Title: A 16-year study of longitudinal volumetric brain development in males with autism
Legend: We used an accelerated longitudinal design to assess and scan males with ASD and typically developing controls (TDC) over 16 years (Table 1, Fig 1). ASD participants met ADI-R, ADOS-2, and DSM 5 Expert Consensus criteria for a diagnosis of ASD at Time 1. We compared longitudinal brain volume trajectories between the ASD and TDC groups. After childhood, the trajectories of Whole Brain Volume and most other brain volumes were similar in the ASD and TDC groups (Fig 2). Longitudinal ventricular volume atypically increased and corpus callosum volume atypically decreased during adulthood in the ASD group (Fig 2).
Time 5 ADOSs (all module 4) were blindly reviewed. Using all available current data (only T5 data), participants were given a Time 5 current ASD classification. We were surprised to find two subgroups. ASD severity was similar in the 2 subgroups when the participants were 4-5 years of age.
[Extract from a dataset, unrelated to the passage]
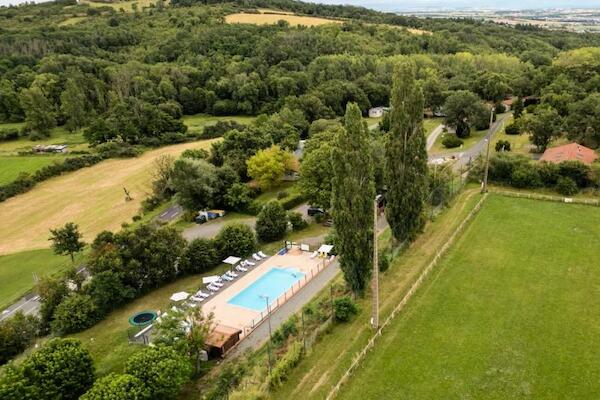 France : Camping de La Croze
But at Time 5, when essentially all the original participants were adults, most (80%) of the original ASD participants had persistently active ASD, but ASD was partially or fully remitted in 20% (Fig. Time point 5 Module 4 ADOS results). We determined if longitudinal brain structure trajectories differed between the Persistent vs. Remitted ASD groups. The subgroup with persistent ASD had persistently smaller corpus callosum volumes compared to the remitted group The trajectories in Fig.3 suggest 1) persistently larger corpus callosum volume, an index of interhemispheric connectivity, is associated with remission of ASD in adulthood; and 2) corpus callosum volume is functionally different in individuals with persistent autism versus typical controls.
(Please Note: a) “Remission” was defined as falling below the ADOS-2 cutoff for a current classification of ASD and not meeting DSM 5 symptom criteria for ASD based only on current behaviors at Time 5; b) All Longitudinal Imaging analyses included IQ as a covariate and were corrected for multiple comparisons.)
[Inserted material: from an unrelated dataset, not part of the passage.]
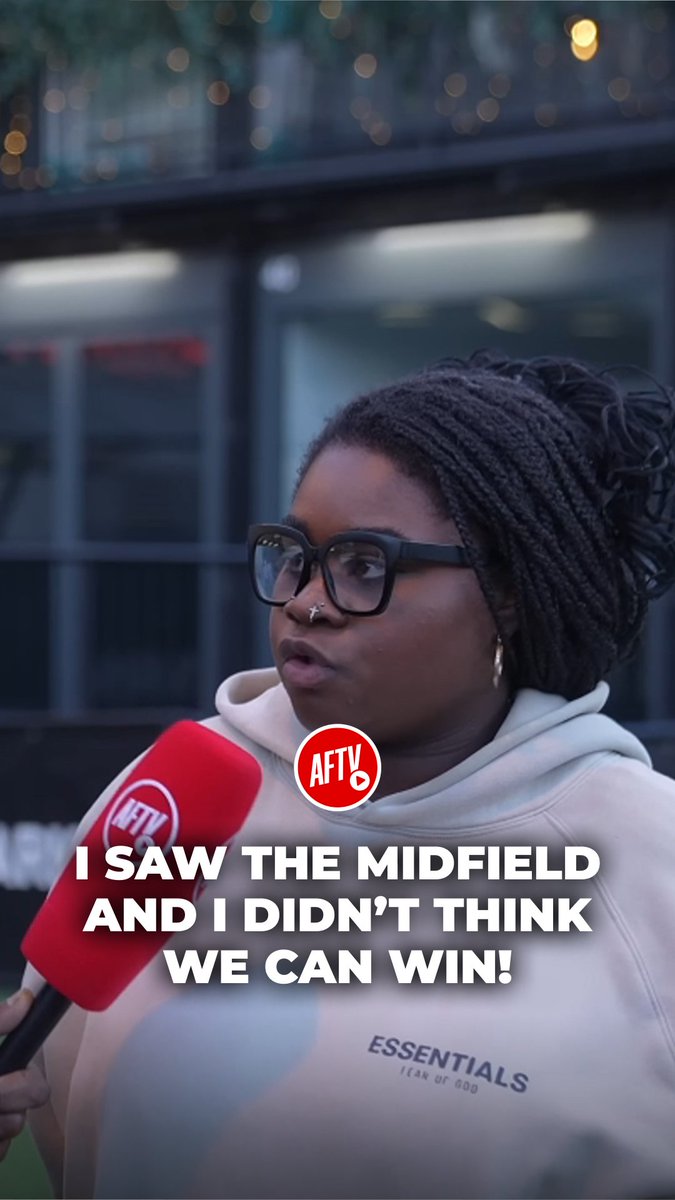 Was it a correct decision from Arteta to play that midfield three? 🤔 #FanCams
Citation: Prigge MBD, Lange N, Bigler ED, King JB, Dean III DC, Adluru N, Alexander AL, Lainhart JE, Zielinski BA (2021). A 16-year study of longitudinal volumetric brain development in males with autism. NeuroImage, April 18:226:118067 PMID: 33878377.
Abstract: Autism spectrum disorder (ASD) is a neurodevelopmental disorder with unknown brain etiology. Our knowledge to date about structural brain development across the lifespan in ASD comes mainly from cross-sectional studies, thereby limiting our understanding of true age effects within individuals with the disorder that can only be gained through longitudinal research. The present study describes FreeSurfer-derived volumetric findings from a longitudinal dataset consisting of 607 T1-weighted magnetic resonance imaging (MRI) scans collected from 105 male individuals with ASD (349 MRIs) and 125 typically developing male controls (258 MRIs). Participants were six to forty-five years of age at their first scan, and were scanned up to 5 times over a period of 16 years (average inter-scan interval of 3.7 years). Atypical age-related volumetric trajectories in ASD included enlarged gray matter volume in early childhood that approached levels of the control group by late childhood, an age-related increase in ventricle volume resulting in enlarged ventricles by early adulthood and reduced corpus callosum age-related volumetric increase resulting in smaller corpus callosum volume in adulthood. Larger corpus callosum volume was related to a lower (better) ADOS score at the most recent study visit for the participants with ASD. These longitudinal findings expand our knowledge of volumetric brain-based abnormalities in males with ASD, and highlight the need to continue to examine brain structure across the lifespan and well into adulthood.
About the Lab: Research in the Lainhart lab focuses on understanding brain growth, development, and maturation in ASD from the prenatal period into adulthood. Lainhart leads a multidisciplinary research team that uses high-resolution brain scanning to determine changes in the brain that are specific to ASD and linked to clinical symptoms, course, and outcome. The goal of this research is to identify biomarkers of ASD that can be used in determining the causes of ASD, the brain mechanisms involved, early diagnosis, preventive interventions, and treatment. Lainhart’s research is funded in part by the National Institutes of Mental Health and the Autism Speaks Foundation.